WHAT TO PRODUCE —
Extract the lines from the first one in the records below through the line containing "Console Water Cup", keeping both ends and leaving out any pictures.

EXERCISE MATERIAL —
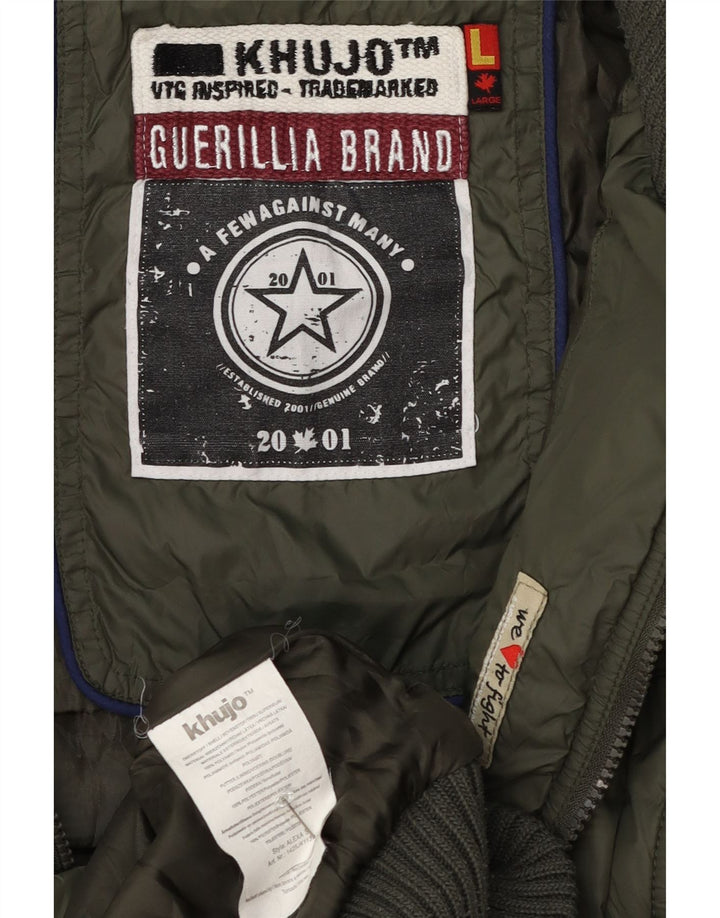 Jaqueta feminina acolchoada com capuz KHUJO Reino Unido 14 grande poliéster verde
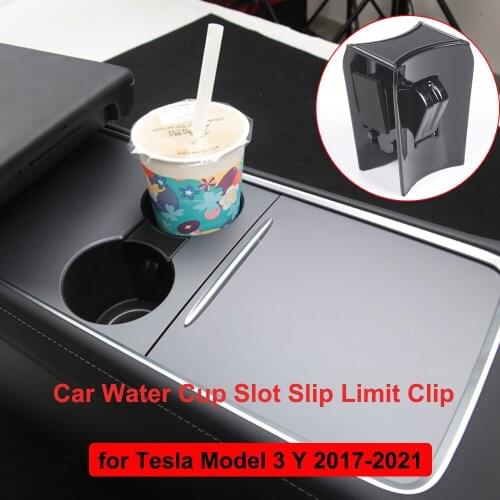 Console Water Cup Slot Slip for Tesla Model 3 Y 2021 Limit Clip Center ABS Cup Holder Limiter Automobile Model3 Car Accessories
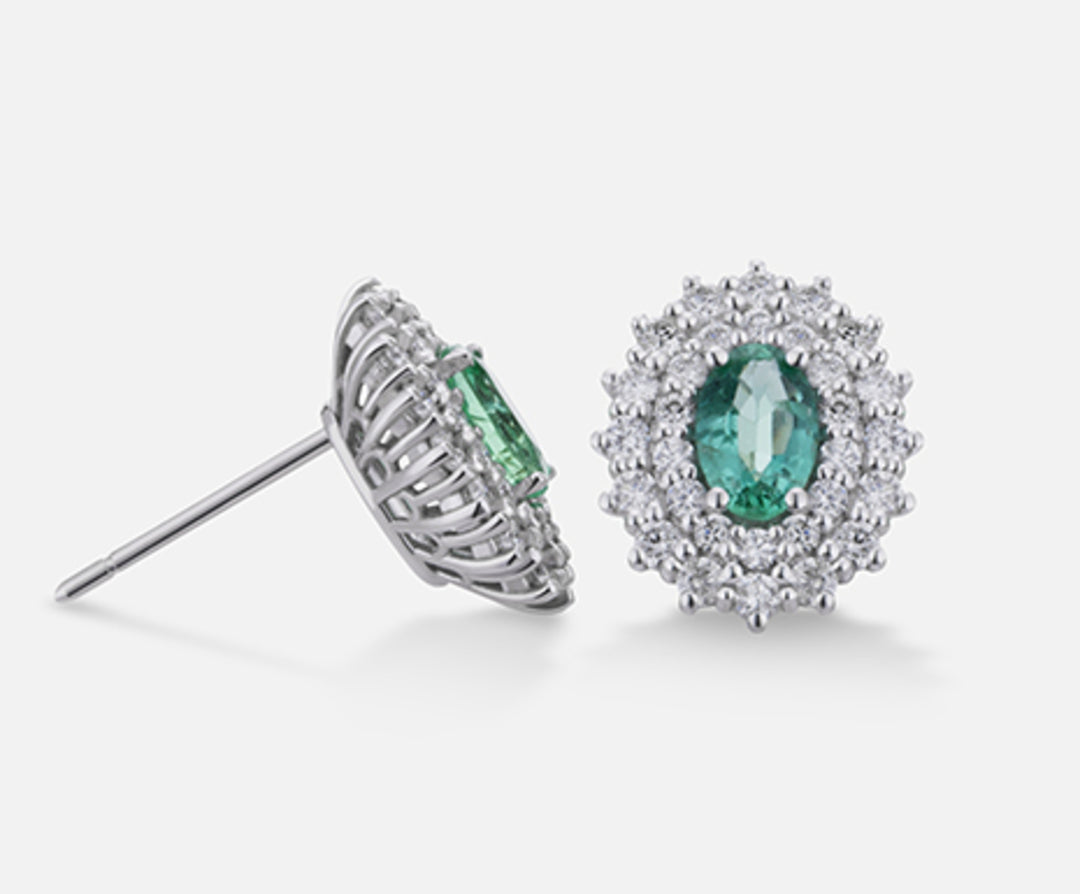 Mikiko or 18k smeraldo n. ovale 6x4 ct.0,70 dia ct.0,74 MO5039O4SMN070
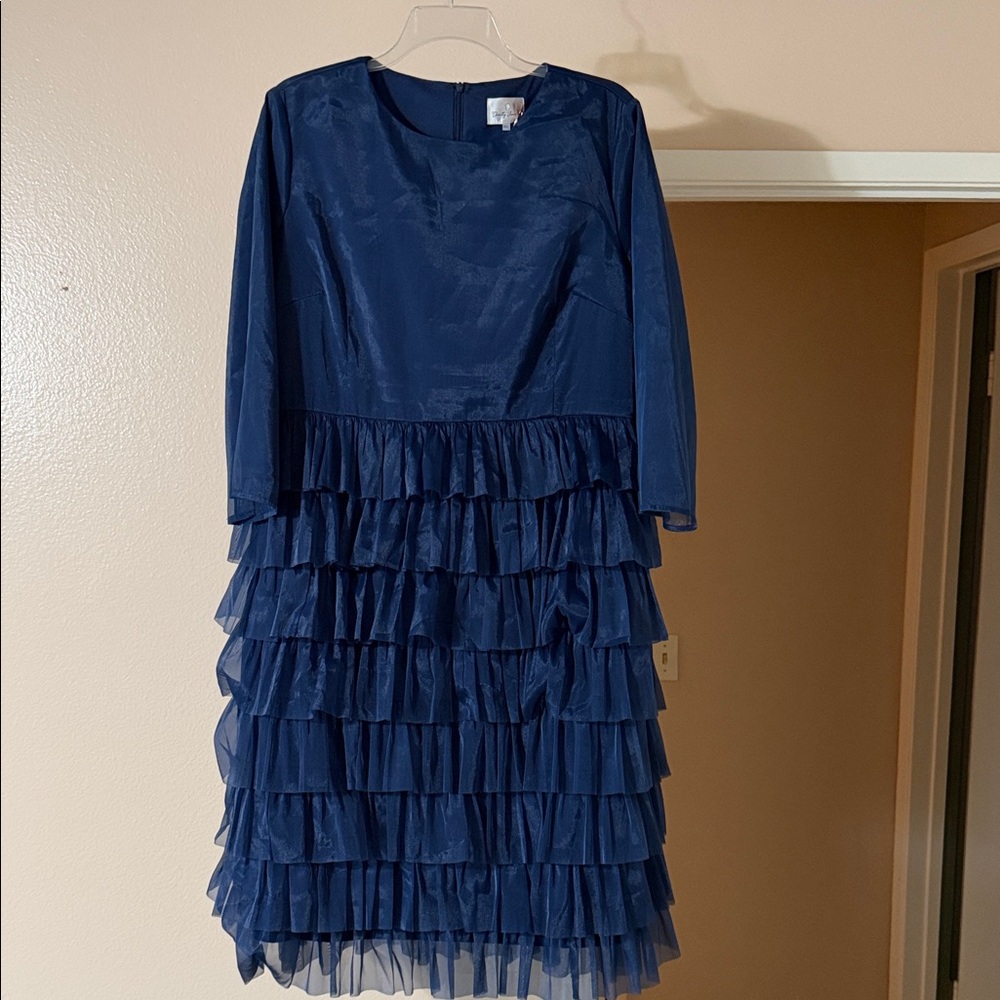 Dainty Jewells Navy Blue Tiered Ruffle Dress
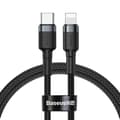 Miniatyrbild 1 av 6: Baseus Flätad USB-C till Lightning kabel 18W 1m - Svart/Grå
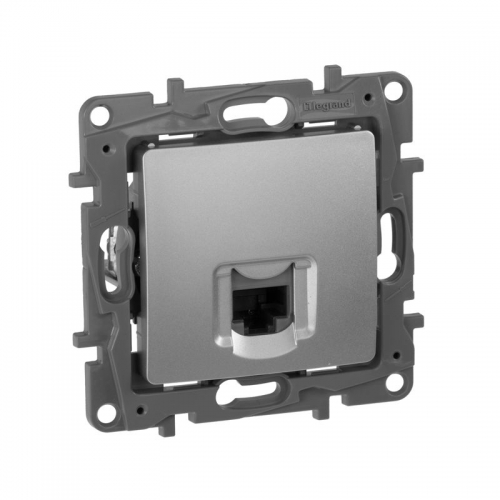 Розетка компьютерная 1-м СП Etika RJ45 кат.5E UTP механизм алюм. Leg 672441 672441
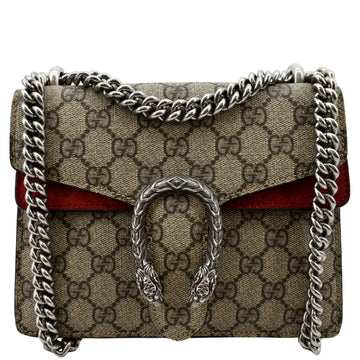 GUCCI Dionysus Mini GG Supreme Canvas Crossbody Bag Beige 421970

TASK ANSWER —
 Jaqueta feminina acolchoada com capuz KHUJO Reino Unido 14 grande poliéster verde
 Console Water Cup Slot Slip for Tesla Model 3 Y 2021 Limit Clip Center ABS Cup Holder Limiter Automobile Model3 Car Accessories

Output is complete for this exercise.